Geldspielgesetz im Interesse der Lobby oder der Bevölkerung

Wenn man genauer hinschaut sieht man mal wieder wie gekauft die Schweizer Politik ist.

Swisslos‘ Genossenschaftsversammlung besteht ausschliesslich aus Regierungsräten der Kantone, der Verwaltungsrat besteht auch aus Ständeräten und Regierungsräten. Bei anderen Interessenverbänden sieht es ähnlich aus. Und diese greifen alle massiv in den Abstimmungskampf ein. Nicht nur mit den grossangelegten Kampagnen in der Öffentlichkeit, sondern ich verweise hier auch noch explizit auf die zahlreichen Telefonanrufe von Regierungsräten bei Nationalräten am Wochenende vor der Abstimmung im Parlament, in denen massiv Druck ausgeübt wurde auch die Netzsperren durchzuwinken. Wieviel Geld hier unsere Politiker für ihr Lobbying von Swisslos, Casinoverband usw. erhalten, bleibt meist, wie auch in anderen Fällen, im Verborgenen. Böswillig könnte man auch Schmiergeld dazu sagen.

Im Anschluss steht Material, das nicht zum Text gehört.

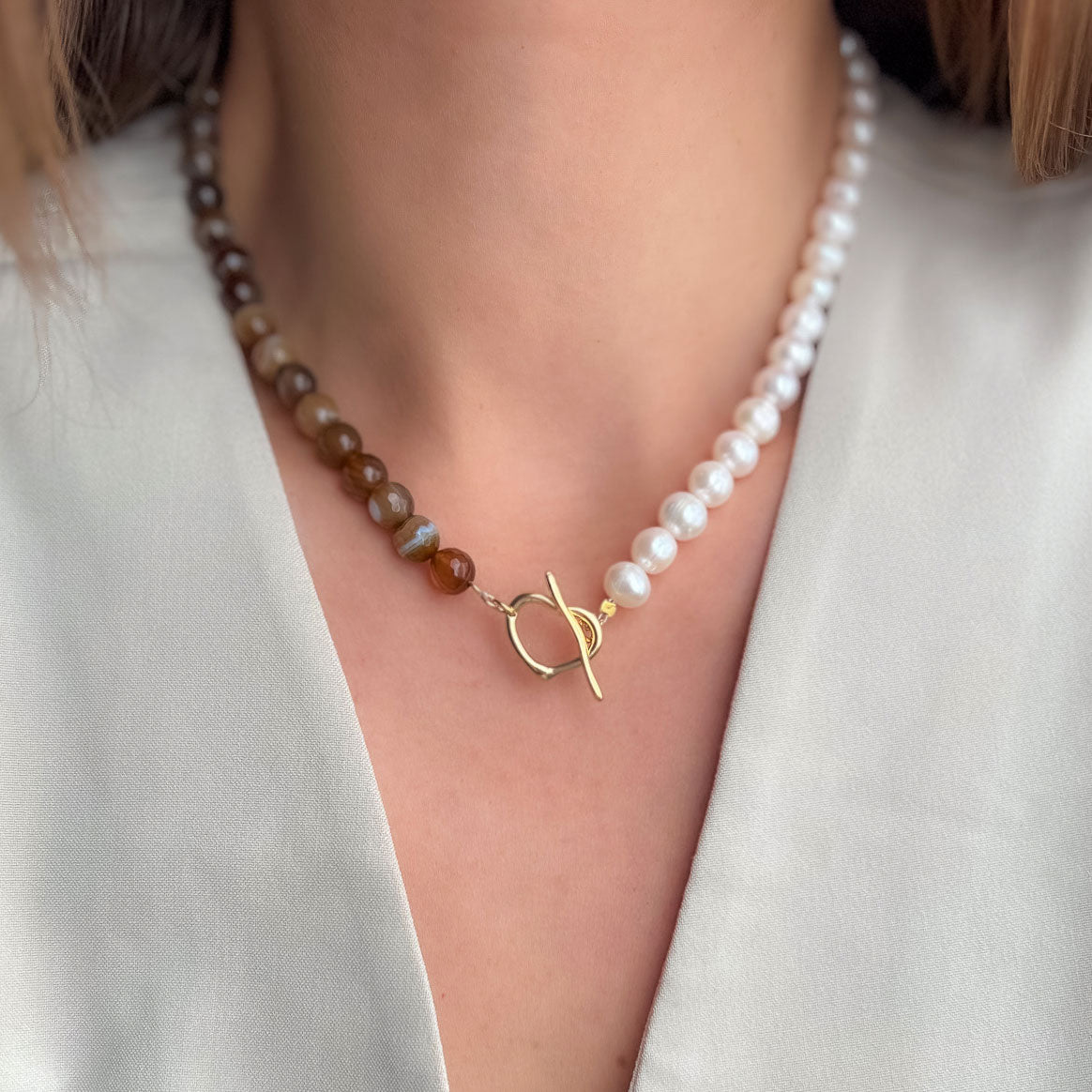 שרשרת ליה חצי־חצי אגת ופנינים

Zu den Netzsperren selber sei gesagt, dass dies ein Dammbruch darstellt und die Grundintention des Internets, der freie Austausch von Informationen, abschafft. Die gesamte Architektur des Internets ist auf diesen Grundsatz aufgebaut: Freier Austausch von Informationen. Netzsperren stellen gleichzeitig schlicht staatliche Zensur dar.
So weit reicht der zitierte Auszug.